It would be easy to convert these numbers using a program like awk. I don’t want to get into too many details about awk, but it has a match function and a gensub function that find and replace regular expressions, respectively. It also allows you to filter lines using a rule that is just a regular expression between two slashes. Consider this:

/ C$/ {

if (match($0,/([-0-9.]+) C/,matchres)) # . inside [] doesn't need escape
    print gensub(/[-0-9.]+ C/,matchres[1]*9.0/5.0+32 " F","g")
  else
    print
next; # start over with next line
}

{ print } # print other lines

The first line matches text that has a space and a C at the end of the line. The match subroutine gets the number in matchres[1]. Granted, it can parse nonsense like “-…C” but you can assume there’s nothing like that in there. You could do better with "-?[0-9]\.?[0-9]*" perhaps (but note that if you try this with grep, the leading dash will require a -e option). The gensub function does the conversion. Plenty of regular expressions to make this work.

Variations

Unfortunately, there are subtle differences between different tools. [Donald Knuth] once said:

I define UNIX as “30 definitions of regular expressions living under one roof”.

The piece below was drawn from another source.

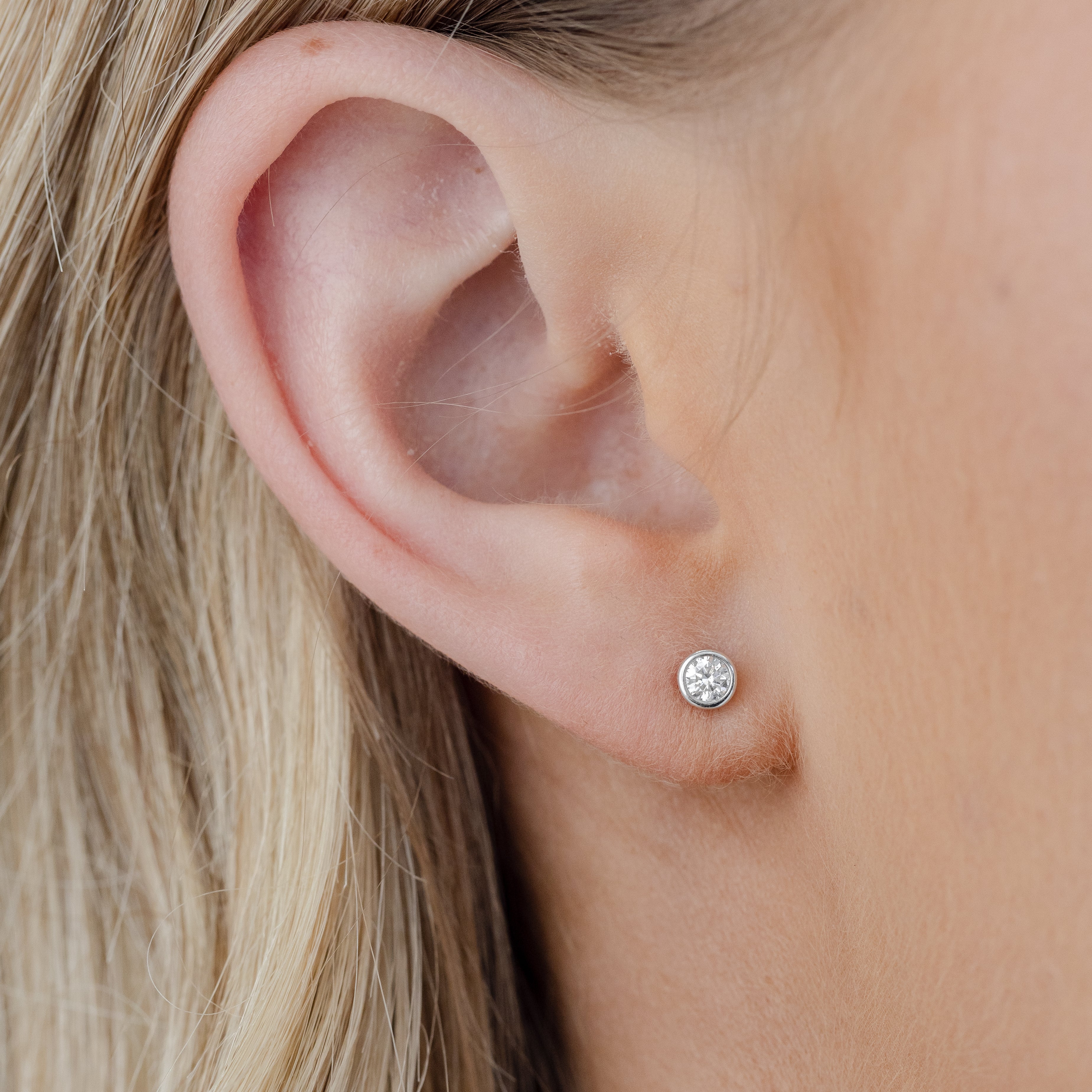 Bezel Set Diamond Stud Earrings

I’ve mentioned some of these. For example, some implementations treat parenthesis as grouping unless they are escaped while others require you to escape them if you want them to group and not be regular characters.

It is common to see shorthand expressions for things like digits and spaces. This is good because it ought to understand the system’s localization, too. For example [:digit:] is a stand-in for [0-9]. Some tools use special escape characters like \d for the same purpose. Instead of trying to describe it all, I’m going to simply direct you to a table from Wikipedia that describes some common systems.

Tools for Debugging Regexp

That’s all you really need to know. If you want to debug regular expressions interactively. there are plenty of tools for that online. You can also get a visual diagram of a regular expression to help work your way through them.

You might also enjoy a library of regular expressions you can — ahem — borrow. If you’d rather learn while having fun, you might try crosswords or even golf.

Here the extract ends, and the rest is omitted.